Google Cloud Platform Authentication
Google Cloud Platform provides enterprise identity and access management for BoilStream through Google Cloud Identity, Workspace, and Identity and Access Management (IAM).
Overview
GCP integration provides:
- Google Workspace SSO: Integration with Google Workspace for enterprise users
- Cloud Identity: Centralized identity management for GCP resources
- Service Token Support: Both user identity tokens and STS (Security Token Service) tokens
- Custom Claims: Flexible group and role mapping through custom JWT claims
- Workspace Domain Validation: Restrict access to specific Google Workspace domains
Prerequisites
- Google Cloud Project with appropriate permissions
- Google Workspace domain (for enterprise users) or Cloud Identity setup
- OAuth 2.0 credentials configured in Google Cloud Console
- Users and groups configured in Google Workspace or Cloud Identity
Google Cloud Setup
1. Create OAuth 2.0 Credentials
Configure OAuth credentials in Google Cloud Console:
# Enable required APIs
gcloud services enable iamcredentials.googleapis.com
gcloud services enable cloudidentity.googleapis.com
# Create OAuth 2.0 client (requires manual setup in console)

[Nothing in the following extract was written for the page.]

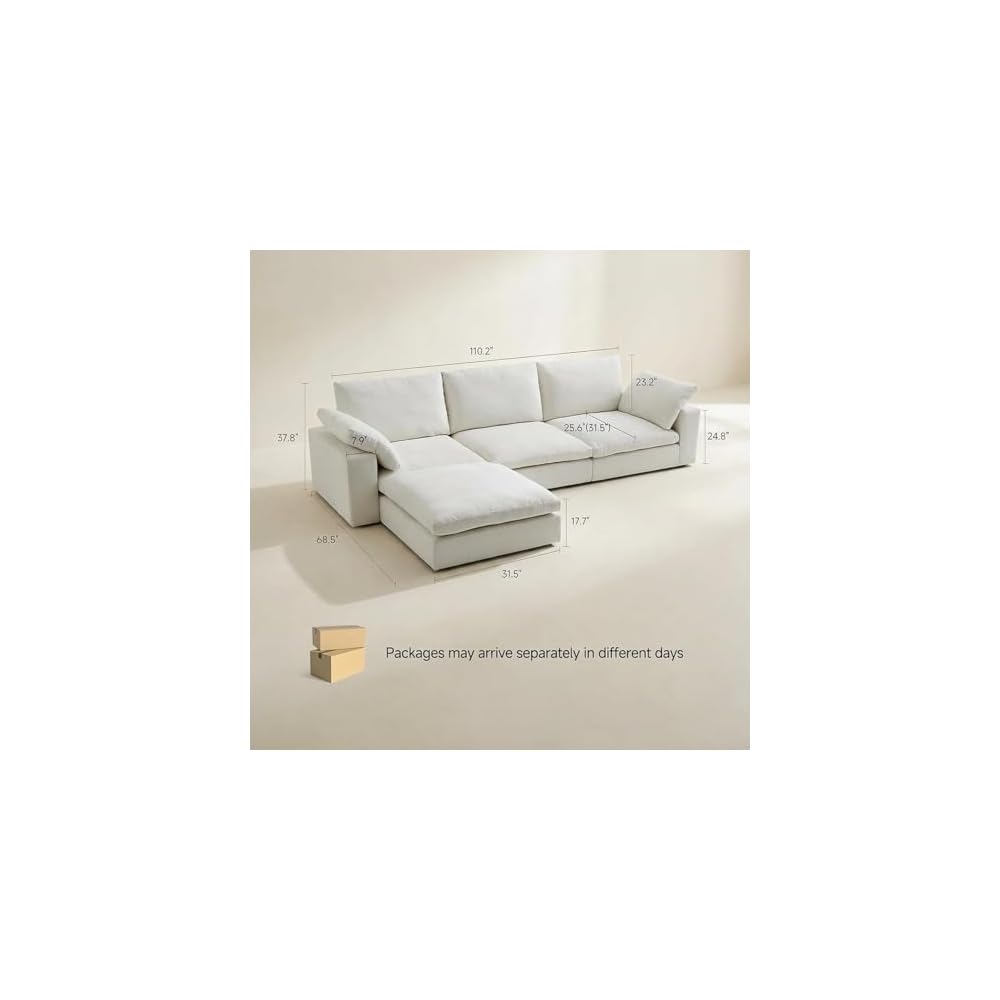 Cloud Modular Sectional Couch Oversized Cloud Sofa with Deep Seat Modern Comfy Couches Washable Cover Easy Assembly Sectional Couches for Living Room - 110.2" 3 Seats with Storage Ottoman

echo "Visit Google Cloud Console to create OAuth 2.0 credentials:"
echo "https://console.cloud.google.com/apis/credentials"
{
"type": "web_application",
"name": "BoilStream Data Platform",
"authorized_redirect_uris": [
"https://boilstream.company.com/auth/callback"
],
"authorized_javascript_origins": [
"https://boilstream.company.com"
]
}
Manual Steps in Google Cloud Console:
- Navigate to APIs & Services → Credentials
- Click "Create Credentials" → "OAuth 2.0 Client ID"
- Select "Web application"
- Add authorized redirect URIs for your BoilStream deployment
- Note the Client ID for configuration
2. Configure Workspace Groups
Create groups in Google Workspace Admin Console:
# Groups to create in Google Workspace:
# - boilstream-admins@company.com
# - data-producers@company.com
# - data-analysts@company.com
Google Workspace Admin Console Steps:
- Go to admin.google.com
- Navigate to Directory → Groups
- Create groups for BoilStream authorization
- Add users to appropriate groups
3. Service Account (Optional)
For service-to-service authentication, create a service account:
# Create service account
gcloud iam service-accounts create boilstream-service \
--description="BoilStream service account" \
--display-name="BoilStream Service"
# Create and download key
gcloud iam service-accounts keys create boilstream-key.json \
--iam-account=boilstream-service@PROJECT_ID.iam.gserviceaccount.com
BoilStream Configuration
Environment Variables
Configure BoilStream for GCP authentication:
# Enable GCP authentication
export AUTH_PROVIDERS="gcp"
# GCP configuration (at least one required)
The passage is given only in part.